Where the easy version stops working

The SPSC ring buffer in the previous post got its speed from one assumption: exactly one thread writes tail, exactly one writes head. No two threads ever fight over a cursor, so no operation needs more than a plain load and a release-store.

That assumption is also its boundary. Feed handlers often have one producer, but plenty of systems don’t: several worker threads writing results into one queue, multiple strategies posting orders to one gateway. The moment two threads call push, the SPSC design doesn’t just slow down — it corrupts.

Two producers and the naive race

Here’s SPSC’s producer side, stripped down:

const std::size_t t = tail_.load(std::memory_order_relaxed);
buf_[t] = v;                                  // write the slot
tail_.store(t + 1, std::memory_order_release);

Run that on two threads. Both load the same t. Both write buf_[t] — one value silently overwrites the other. Both store t + 1. One item is lost, and the count is now wrong forever. There was never a window where this was safe; the single-writer assumption was load-bearing.
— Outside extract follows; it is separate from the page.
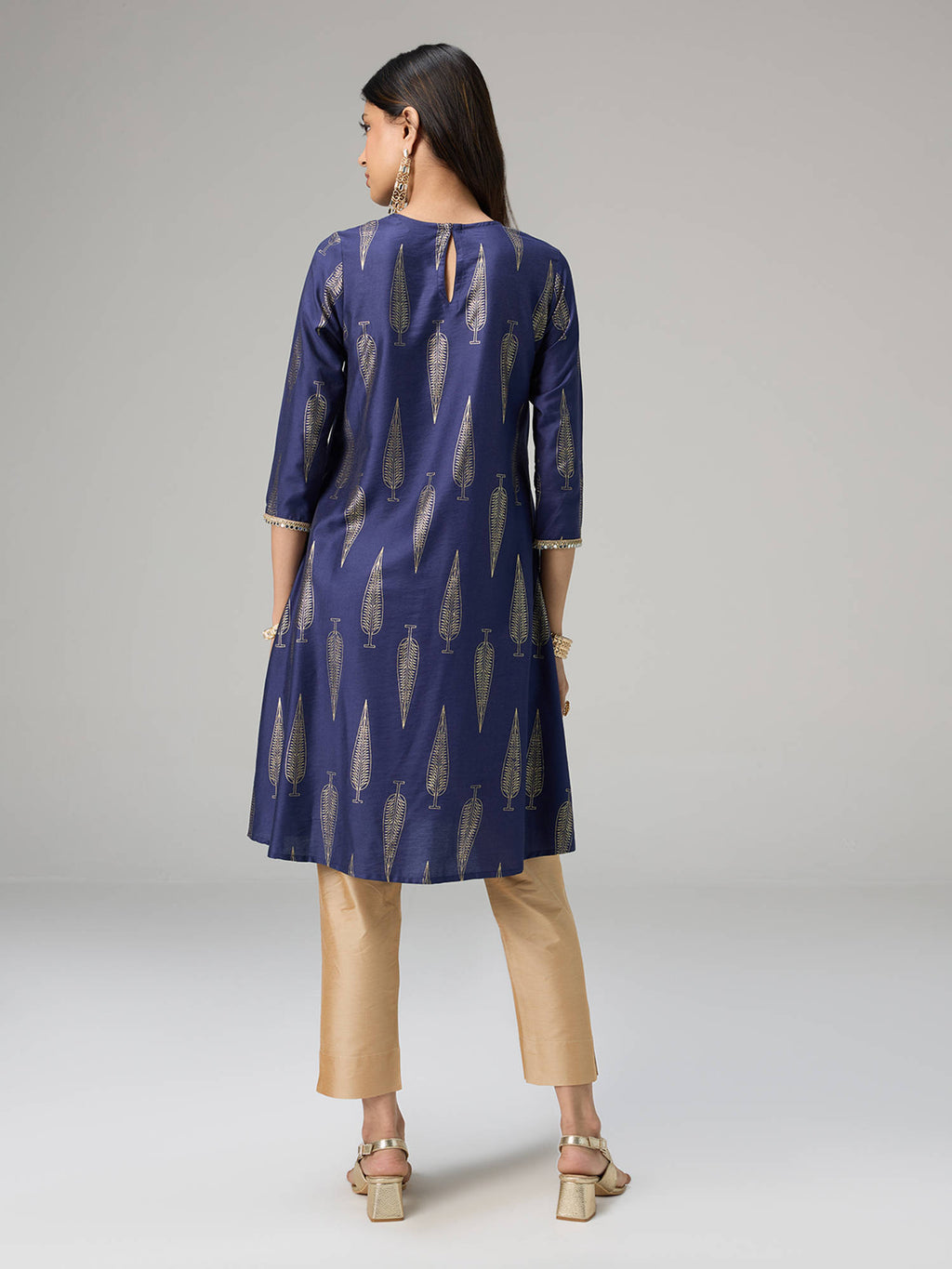 Off White Gadhwal Foil Printed Embellished Neck Kurta Brigade Bride | FY93 - view 30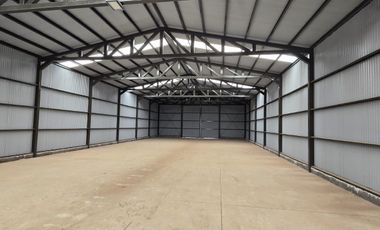 En Alquiler Galpón de 420m2 en lote de 3500m2 sobre calle Trenque Lauquen Neuquén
To fix it, two producers must never receive the same slot. That means claiming a slot has to be atomic: read the current position and advance it in one indivisible step, so each producer walks away with a unique index. That is exactly what a compare-and-swap (CAS) does.

Claiming a slot with CAS

Give the producers one shared cursor, enqueue_pos, and the consumers another, dequeue_pos. Both are monotonic counters that only move forward. A producer claims a slot by reading enqueue_pos and trying to CAS it from pos to pos + 1: the winner owns position pos, and anyone who loses the race reloads and tries again with the new value. Consumers claim from dequeue_pos the same way. Because each successful CAS hands out a distinct, ever-increasing number, no two producers can ever walk away with the same position.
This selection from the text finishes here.